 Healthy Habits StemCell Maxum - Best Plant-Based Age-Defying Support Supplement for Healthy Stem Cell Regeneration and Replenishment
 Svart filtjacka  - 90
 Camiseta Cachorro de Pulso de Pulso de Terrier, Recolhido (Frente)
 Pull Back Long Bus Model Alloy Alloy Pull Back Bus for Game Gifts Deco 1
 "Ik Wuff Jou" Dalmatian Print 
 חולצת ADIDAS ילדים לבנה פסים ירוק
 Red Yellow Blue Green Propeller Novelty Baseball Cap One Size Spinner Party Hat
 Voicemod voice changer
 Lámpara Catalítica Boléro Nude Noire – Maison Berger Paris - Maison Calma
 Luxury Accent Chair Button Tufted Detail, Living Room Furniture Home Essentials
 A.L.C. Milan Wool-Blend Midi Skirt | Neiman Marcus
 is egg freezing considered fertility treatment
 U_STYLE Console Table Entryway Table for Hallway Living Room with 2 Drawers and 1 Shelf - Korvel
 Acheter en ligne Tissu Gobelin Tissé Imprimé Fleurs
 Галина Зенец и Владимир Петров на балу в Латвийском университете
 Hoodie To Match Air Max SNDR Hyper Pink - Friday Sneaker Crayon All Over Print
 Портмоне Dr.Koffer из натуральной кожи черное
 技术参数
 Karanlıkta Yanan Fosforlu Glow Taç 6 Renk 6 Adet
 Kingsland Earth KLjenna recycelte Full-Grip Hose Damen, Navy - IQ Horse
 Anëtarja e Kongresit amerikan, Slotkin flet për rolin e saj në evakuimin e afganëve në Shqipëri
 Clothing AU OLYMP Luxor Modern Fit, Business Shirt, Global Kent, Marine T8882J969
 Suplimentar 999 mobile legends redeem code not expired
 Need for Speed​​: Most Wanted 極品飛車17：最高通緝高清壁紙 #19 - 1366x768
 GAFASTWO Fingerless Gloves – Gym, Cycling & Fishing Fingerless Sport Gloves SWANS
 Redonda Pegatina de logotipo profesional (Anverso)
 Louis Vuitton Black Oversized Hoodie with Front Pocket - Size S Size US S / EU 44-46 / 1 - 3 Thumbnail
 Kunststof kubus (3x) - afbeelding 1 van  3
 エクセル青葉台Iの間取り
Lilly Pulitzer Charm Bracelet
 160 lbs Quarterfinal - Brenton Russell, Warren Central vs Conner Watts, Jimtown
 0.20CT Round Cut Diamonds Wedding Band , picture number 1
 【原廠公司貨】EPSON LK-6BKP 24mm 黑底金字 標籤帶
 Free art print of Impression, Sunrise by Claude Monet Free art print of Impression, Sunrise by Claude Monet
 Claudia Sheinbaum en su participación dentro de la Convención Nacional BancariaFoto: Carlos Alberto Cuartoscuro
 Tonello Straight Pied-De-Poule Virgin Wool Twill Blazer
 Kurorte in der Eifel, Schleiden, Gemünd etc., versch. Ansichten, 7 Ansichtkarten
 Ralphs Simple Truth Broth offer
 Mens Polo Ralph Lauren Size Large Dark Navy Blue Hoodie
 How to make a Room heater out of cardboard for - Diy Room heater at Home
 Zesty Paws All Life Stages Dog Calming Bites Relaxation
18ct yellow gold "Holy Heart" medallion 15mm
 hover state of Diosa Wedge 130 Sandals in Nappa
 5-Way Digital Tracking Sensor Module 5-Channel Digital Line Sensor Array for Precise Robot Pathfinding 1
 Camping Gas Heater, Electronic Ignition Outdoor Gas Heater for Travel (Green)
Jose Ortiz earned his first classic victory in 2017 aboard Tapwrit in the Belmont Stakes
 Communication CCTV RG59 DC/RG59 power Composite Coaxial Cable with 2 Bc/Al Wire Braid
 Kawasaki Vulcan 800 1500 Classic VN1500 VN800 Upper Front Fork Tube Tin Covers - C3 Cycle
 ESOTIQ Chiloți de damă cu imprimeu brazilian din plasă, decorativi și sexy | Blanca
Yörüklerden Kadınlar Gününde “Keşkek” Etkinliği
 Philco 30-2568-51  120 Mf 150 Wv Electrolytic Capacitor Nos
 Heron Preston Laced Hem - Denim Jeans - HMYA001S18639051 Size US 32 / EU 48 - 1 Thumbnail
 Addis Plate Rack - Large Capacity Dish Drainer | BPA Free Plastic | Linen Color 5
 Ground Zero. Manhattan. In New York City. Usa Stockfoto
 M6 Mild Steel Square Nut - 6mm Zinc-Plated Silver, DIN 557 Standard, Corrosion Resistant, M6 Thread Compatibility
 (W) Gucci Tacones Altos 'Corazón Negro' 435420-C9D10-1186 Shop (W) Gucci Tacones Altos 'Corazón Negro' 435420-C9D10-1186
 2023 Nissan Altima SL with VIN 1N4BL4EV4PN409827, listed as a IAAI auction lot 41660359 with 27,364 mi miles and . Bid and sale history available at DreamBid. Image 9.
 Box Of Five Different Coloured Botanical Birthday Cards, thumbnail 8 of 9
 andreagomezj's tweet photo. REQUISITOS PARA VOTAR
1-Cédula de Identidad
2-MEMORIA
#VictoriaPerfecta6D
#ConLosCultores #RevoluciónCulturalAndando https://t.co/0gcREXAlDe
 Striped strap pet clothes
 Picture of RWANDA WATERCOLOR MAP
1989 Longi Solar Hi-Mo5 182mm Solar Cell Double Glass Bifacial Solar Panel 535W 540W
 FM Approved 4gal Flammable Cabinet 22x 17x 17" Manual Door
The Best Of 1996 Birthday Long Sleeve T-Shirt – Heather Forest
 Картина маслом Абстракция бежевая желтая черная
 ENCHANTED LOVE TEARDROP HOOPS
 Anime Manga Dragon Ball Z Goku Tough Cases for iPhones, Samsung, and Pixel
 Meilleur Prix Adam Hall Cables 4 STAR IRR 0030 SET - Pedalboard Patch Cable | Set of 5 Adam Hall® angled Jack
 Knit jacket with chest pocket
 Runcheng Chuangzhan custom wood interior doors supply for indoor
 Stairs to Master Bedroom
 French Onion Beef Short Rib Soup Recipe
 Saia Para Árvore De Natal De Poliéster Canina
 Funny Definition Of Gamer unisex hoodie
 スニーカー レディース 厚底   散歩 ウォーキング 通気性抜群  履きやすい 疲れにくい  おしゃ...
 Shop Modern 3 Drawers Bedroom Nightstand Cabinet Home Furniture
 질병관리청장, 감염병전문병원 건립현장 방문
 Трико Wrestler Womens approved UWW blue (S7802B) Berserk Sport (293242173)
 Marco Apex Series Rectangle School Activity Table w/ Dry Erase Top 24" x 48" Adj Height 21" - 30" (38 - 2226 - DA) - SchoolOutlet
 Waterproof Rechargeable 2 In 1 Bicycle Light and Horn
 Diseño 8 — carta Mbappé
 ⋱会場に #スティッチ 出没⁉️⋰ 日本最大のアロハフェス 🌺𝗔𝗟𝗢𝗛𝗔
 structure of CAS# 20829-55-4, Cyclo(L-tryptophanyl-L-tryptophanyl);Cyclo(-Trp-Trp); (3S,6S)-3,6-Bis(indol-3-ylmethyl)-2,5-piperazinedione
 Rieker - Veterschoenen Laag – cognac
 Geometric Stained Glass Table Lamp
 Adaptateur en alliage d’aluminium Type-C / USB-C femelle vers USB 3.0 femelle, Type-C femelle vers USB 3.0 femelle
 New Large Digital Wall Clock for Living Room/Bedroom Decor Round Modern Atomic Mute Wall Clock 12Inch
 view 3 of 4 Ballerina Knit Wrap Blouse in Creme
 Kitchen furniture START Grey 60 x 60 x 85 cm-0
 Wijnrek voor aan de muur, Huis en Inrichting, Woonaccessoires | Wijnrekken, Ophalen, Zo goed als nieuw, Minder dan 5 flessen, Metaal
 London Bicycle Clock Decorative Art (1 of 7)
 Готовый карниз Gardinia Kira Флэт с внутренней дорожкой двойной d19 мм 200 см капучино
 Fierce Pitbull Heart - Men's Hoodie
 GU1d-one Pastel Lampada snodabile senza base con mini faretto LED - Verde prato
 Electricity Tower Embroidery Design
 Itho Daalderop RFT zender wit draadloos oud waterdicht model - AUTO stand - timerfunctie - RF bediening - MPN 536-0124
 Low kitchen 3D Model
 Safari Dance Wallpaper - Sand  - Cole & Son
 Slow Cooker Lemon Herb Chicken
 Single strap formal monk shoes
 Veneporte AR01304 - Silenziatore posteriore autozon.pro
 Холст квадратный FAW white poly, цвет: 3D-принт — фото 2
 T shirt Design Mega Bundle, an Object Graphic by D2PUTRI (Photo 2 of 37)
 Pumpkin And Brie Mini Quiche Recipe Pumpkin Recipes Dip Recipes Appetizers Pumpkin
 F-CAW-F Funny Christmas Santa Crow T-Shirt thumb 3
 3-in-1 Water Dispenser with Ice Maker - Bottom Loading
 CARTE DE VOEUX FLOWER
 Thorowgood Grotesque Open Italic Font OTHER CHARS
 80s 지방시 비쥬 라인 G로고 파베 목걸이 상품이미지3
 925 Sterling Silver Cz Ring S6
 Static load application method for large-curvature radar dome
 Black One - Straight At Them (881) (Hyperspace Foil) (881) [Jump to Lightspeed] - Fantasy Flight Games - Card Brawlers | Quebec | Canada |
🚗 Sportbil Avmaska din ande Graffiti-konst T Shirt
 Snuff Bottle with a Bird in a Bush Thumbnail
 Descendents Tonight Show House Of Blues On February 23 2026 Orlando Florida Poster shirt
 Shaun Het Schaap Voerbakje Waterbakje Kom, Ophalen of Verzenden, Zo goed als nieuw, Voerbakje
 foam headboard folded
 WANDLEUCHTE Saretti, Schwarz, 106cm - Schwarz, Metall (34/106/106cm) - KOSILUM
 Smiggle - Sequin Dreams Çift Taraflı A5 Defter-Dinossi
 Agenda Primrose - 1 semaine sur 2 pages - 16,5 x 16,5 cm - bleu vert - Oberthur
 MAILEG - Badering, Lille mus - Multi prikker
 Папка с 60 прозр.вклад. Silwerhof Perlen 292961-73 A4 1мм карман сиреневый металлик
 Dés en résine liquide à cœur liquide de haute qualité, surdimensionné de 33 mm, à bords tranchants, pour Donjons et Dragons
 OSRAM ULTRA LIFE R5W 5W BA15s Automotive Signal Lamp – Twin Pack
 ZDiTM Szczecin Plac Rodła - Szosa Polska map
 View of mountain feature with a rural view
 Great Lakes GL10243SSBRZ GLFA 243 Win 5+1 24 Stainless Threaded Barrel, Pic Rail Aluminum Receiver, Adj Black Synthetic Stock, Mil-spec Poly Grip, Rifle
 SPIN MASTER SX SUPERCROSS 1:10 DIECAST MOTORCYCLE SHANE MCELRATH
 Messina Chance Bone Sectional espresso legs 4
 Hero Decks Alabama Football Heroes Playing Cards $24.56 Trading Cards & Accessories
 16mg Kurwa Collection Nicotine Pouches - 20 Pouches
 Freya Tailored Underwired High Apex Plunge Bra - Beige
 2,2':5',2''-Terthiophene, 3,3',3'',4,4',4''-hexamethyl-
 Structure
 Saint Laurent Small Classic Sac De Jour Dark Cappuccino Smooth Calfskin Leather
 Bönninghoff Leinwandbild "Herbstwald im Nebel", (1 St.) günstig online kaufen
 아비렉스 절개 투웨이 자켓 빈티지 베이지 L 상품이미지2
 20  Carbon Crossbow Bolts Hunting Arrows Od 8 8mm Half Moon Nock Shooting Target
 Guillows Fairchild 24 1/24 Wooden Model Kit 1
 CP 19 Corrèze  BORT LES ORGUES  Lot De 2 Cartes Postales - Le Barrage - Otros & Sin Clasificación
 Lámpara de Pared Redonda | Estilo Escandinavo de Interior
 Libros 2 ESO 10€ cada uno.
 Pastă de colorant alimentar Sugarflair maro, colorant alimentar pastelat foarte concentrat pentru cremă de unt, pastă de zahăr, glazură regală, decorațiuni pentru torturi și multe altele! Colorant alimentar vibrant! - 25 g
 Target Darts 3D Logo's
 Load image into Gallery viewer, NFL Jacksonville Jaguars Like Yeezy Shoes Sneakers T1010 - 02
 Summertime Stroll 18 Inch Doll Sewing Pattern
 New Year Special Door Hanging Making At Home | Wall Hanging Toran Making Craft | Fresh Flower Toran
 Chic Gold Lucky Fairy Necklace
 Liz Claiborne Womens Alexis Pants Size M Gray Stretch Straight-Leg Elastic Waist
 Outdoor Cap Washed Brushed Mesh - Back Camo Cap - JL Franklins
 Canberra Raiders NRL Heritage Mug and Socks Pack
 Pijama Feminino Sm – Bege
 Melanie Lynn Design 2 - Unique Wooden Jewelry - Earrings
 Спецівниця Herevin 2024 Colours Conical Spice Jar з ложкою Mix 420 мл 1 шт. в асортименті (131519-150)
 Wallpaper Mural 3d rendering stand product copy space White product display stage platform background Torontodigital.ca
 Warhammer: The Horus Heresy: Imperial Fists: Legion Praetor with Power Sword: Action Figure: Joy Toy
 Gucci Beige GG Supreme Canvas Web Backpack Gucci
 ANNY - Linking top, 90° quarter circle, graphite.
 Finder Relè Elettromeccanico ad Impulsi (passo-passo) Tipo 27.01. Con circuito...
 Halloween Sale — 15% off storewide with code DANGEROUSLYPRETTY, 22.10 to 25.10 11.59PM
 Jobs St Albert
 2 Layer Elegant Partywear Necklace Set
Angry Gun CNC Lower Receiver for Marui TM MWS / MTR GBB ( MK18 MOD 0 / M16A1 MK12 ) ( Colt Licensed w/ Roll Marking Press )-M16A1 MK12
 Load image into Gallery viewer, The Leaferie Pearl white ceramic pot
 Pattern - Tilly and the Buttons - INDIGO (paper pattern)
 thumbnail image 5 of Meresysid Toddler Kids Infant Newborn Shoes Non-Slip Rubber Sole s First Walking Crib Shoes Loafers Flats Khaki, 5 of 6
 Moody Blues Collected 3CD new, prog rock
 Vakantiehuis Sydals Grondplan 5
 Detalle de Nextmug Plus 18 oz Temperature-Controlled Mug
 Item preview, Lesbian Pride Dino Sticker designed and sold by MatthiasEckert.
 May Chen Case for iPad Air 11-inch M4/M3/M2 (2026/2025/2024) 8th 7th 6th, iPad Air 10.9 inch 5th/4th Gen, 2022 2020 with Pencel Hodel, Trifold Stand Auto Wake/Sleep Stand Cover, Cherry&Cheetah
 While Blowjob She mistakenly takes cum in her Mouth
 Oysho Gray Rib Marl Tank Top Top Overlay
# # #
● **Problem requirements**:
Produce a word-for-word copy of everything above from the line holding "Clothing AU OLYMP" down to the line holding "18ct yellow gold", with both of those lines kept.

● **Solution**:
 Clothing AU OLYMP Luxor Modern Fit, Business Shirt, Global Kent, Marine T8882J969
 Suplimentar 999 mobile legends redeem code not expired
 Need for Speed​​: Most Wanted 極品飛車17：最高通緝高清壁紙 #19 - 1366x768
 GAFASTWO Fingerless Gloves – Gym, Cycling & Fishing Fingerless Sport Gloves SWANS
 Redonda Pegatina de logotipo profesional (Anverso)
 Louis Vuitton Black Oversized Hoodie with Front Pocket - Size S Size US S / EU 44-46 / 1 - 3 Thumbnail
 Kunststof kubus (3x) - afbeelding 1 van  3
 エクセル青葉台Iの間取り
Lilly Pulitzer Charm Bracelet
 160 lbs Quarterfinal - Brenton Russell, Warren Central vs Conner Watts, Jimtown
 0.20CT Round Cut Diamonds Wedding Band , picture number 1
 【原廠公司貨】EPSON LK-6BKP 24mm 黑底金字 標籤帶
 Free art print of Impression, Sunrise by Claude Monet Free art print of Impression, Sunrise by Claude Monet
 Claudia Sheinbaum en su participación dentro de la Convención Nacional BancariaFoto: Carlos Alberto Cuartoscuro
 Tonello Straight Pied-De-Poule Virgin Wool Twill Blazer
 Kurorte in der Eifel, Schleiden, Gemünd etc., versch. Ansichten, 7 Ansichtkarten
 Ralphs Simple Truth Broth offer
 Mens Polo Ralph Lauren Size Large Dark Navy Blue Hoodie
 How to make a Room heater out of cardboard for - Diy Room heater at Home
 Zesty Paws All Life Stages Dog Calming Bites Relaxation
18ct yellow gold "Holy Heart" medallion 15mm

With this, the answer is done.